Being awarded his first Michelin star for Restaurant JAN which is based in Nice, France, has brought South African Jan Hendrik van der Westhuizen starkly into the limelight. We asked him a few questions to get to know what inspires him in the kitchen.
How do you think your upbringing influences the dishes you make today?
The food we do at JAN has soul. There is richness and a story attached. Food memories make comebacks and the moment it triggers a place and a time and the nostalgia kicks in, then you know. BOOM!
What is your favourite memory from cooking with your mom and grandmother?
Sitting at the long kitchen table and cleaning endless amounts of green beans which my grandfather just keep bringing in from the garden. In the back there would be pots boiling with water to blanch the beans. That smell. Green cut beans. Priceless.
You’re not just a chef, you have a strong design background too. How do you think a background in design makes your food Michelin star-worthy?
Everything I learned whilst doing my degree in applied design comes to the plate. Balance, weight, white space, height, colour, intensity, layering, size… the list goes on. This is, however, only a part of the Michelin star. Of course, what the food tastes like is important but also the entire experience including service, before and after service and personal attention.
What dish in particular did the Michelin judges like most? Do you know?

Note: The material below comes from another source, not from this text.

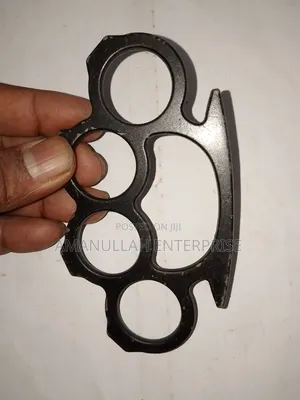 Iron Solid Knuckle Duster Boxing Four Finger Buckle Self Defense.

I have no idea. They do announce themselves every first visit each year after the meal. But we don’t know when they will visit us again. On the menu for the first visit was salmon, duck, prickly pear, malva and a few more things.
What dish from your kitchen is your favourite?
We change one dish every week which means lots of flavours and favourites happening. My go-to dish I must say is anything with chocolate!
While we’re on the topics of favourites, what South African dish do you love most and why?
Malva pudding with banana ice cream. YUM! Can’t explain that.
Jan Hendrik is set to launch a memoir of his experiences at Restaurant JAN entitled A Breath of French Air in South Africa in March.